Found this baby on craigslist for $190. I cleaned it up and painted the casting a gloss black. I believe it is from the 40's or 50's and has all the original parts as far as I can tell. The gears look great and the motor runs quiet, now I need something to slice. I have a presto 10" slicer but that does not cut across a full belly when making bacon so I needed to trim it too much. This one should do a better job with bellies and boneless hams.


----------



## drunkenmeatfist (Aug 14, 2019)

Time spent, value received.


----------



## martin1950 (Aug 15, 2019)

I too have an old Globe slicer. Works great BUT it take 2 men and a boy just to move it.


----------



## Braz (Aug 15, 2019)

That's a beauty.


----------



## Steve H (Aug 15, 2019)

Nice!
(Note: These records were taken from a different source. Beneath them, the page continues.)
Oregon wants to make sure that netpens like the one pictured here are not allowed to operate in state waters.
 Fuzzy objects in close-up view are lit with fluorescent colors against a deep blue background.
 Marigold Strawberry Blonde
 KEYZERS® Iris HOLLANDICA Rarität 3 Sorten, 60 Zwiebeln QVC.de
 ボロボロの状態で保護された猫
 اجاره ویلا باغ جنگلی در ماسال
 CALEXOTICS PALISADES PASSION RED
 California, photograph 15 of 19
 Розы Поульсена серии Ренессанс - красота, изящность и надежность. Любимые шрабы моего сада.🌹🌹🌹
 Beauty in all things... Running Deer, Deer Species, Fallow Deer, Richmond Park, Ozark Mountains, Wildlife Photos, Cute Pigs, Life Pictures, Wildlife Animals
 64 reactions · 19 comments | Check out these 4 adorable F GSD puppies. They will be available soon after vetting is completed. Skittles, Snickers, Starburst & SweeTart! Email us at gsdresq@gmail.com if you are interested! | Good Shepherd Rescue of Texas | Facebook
Good catch!


----------



## creek bottom (Aug 15, 2019)

Wow!!! That is a nice find!!!


----------



## daveomak (Aug 15, 2019)

Nice slicer ...  
	

	
	
		
		



		
		
	


	





If you did not use a self etching primer on the bare aluminum, the paint will bubble and flake off...
Aluminum has a "self healing" characteristic that it immediately "rusts" to an aluminum oxide coat to prevent further oxidation...  Paint will not long term stick to the coating...
 Self Etching Primers 

....


----------



## baboy (Aug 28, 2019)

Dave, 

thanks for the information, the slicer is cast iron and had been previously painted so it should be ok. I will keep this in mind because I also have an older buffalo chopper that has an aluminum base and housing.


----------



## phatbac (Aug 28, 2019)

Nice pick up!

Happy Smoking,
phatbac (Aaron)


----------



## daveomak (Aug 28, 2019)

Cast iron ??  Can you pick it up ??


----------



## baboy (Aug 28, 2019)

it is very heavy,

this is a picture of one on ebay with what I believe to be original color

https://www.ebay.com/itm/183767271699


----------



## daveomak (Aug 29, 2019)

Cool....   Looks like there is some baked enamel on it also...   Is that what I'm seeing ??


----------